Perbankan paling banyak diadukan ke BPKN

Dokumentasi- Suasana penukaran uang di Bank Indonesia Palembang masih normal, Senin (6/ 8). Arus penukaran uang pecahan diperkirakan akan meningkat tajam pada H-7 lebaran. (Antarasumel.com/Feny Selly)

Jakarta (Antaranews Sumsel) - Badan Perlindungan Konsumen Nasional (BPKN) mencatat bahwa pengaduan masyarakat terkait sektor perbankan mencapai 34 persen dari total pengaduan yang diterima selama periode Januari hingga November 2017.

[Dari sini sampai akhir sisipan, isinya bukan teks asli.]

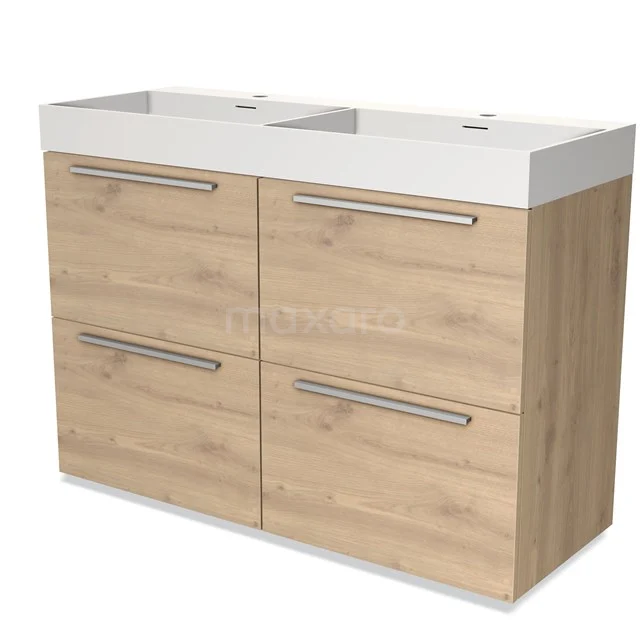 Houten badkamermeubel met dubbele witte wastafel en metalen handgrepen, modern design, ideaal voor stijlvolle badkamers.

Berdasarkan catatan BPKN, setelah sektor perbankan, pengaduan masyarakat tersebut antara lain terkait dengan pembiayaan konsumen sebesar 28 persen, perumahan sembilan persen, periklanan empat persen, e-dagang empat persen dan sektor telekomunikasi sebesar tiga persen.

"Bank Indonesia untuk lebih pro aktif mengantisipasi perkembangan dinamika transaksi elektronik yang terus meluas saat ini dan ke masa depan, bagi keadilan dan perlindungan konsumen," kata Ketua BPKN Ardiansyah S Parman, dalam keterangan tertulis yang diterima, Rabu.

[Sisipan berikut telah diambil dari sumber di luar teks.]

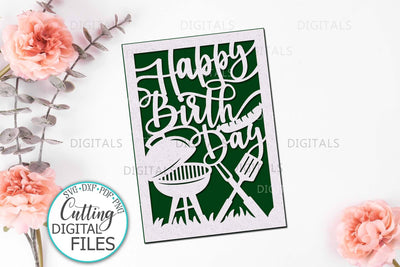 Happy Birthday card svg, Cricut Joy card svg, papercut svg, laser cut template, svg card for man, card for him, cut out summer card svg SVG kartcreationii 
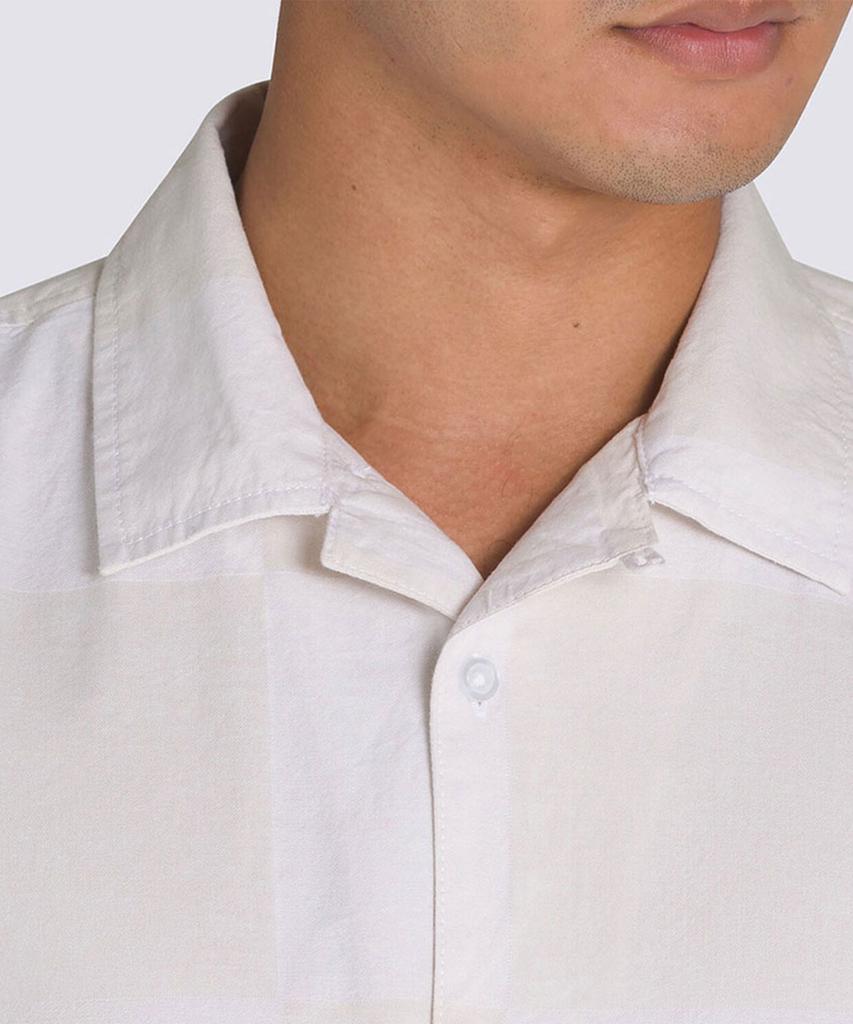 VANS Kessler Checkerboard Woven Short Sleeve Shirt - White - Marshmallow / Vn000M18E681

Beberapa pengaduan lain yang dicatat oleh BPKN dari sektor ritel, transportasi, ekspedisi, barang elektronik, haji atau umroh, asuransi, layanan kesehatan dan undian berhadiah.

Ardiansyah menambahkan, saat ini pola transaksi masyarakat berubah dengan cepat, regulasi perbankan harus mampu mengimbanginya. Regulasi yang bersifat tidak adil bagi konsumen, pragmatis, berorientasi jangka pendek atau hanya berpihak pada dunia usaha pasti cepat tertinggal.

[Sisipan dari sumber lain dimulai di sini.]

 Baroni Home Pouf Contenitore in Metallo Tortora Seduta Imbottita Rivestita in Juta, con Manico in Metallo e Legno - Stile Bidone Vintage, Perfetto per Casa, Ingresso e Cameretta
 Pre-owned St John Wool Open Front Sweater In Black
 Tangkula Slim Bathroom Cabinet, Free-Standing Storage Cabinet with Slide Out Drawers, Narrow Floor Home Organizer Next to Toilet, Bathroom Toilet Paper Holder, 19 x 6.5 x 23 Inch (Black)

"Jika ini terjadi, maka bukan hanya jasa perbankan nasional ditinggalkan oleh konsumen, namun lebih dari itu kedaulatan jasa keuangan nasional terancam," ujarnya.

Selain itu, BPKN juga mendorong adanya revisi Undang-Undang Nomor 8 Tahun 1999 tentang Perlindungan Konsumen, yang salah satunya bertujuan untuk memperkuat upaya perlindungan konsumen.

Ardiansyah mengatakan, keberdayaan UU Perlindungan Konsumen sangat menentukan bukan hanya perlindungan terhadap masyarakat konsumen, namun mempunyai nilai strategis, bahkan vital, terhadap ketahanan ekonomi nasional.

Penyusunan RUU Perlindungan Konsumen diharapkan menghasilkan rancangan UU yang lebih baik dan efektif memberikan perlindungan konsumen dibandingkan UU yang ada saat ini. BPKN mencatat, dalam revisi tersebut, paling tidak harus meliputi empat manfaat.

Pertama, RUU Perlindungan Konsumen harus bervisi perlindungan konsumen yang kuat serta berorientasi manfaat bagi konsumen. Kemudian, sebagai produk politik, harus memiliki keberpihakan yang kuat dan jangkauan luas bagi perlindungan konsumen. RUU PK harus mampu menjangkau dinamika lintas sektor, lintas yurisdiki dan lintas generasi.

Selain itu, harus mampu mendorong lahirnya kebijakan atau pengaturan implementatif, berdaya guna dan manfaat untuk konsumen Indonesia.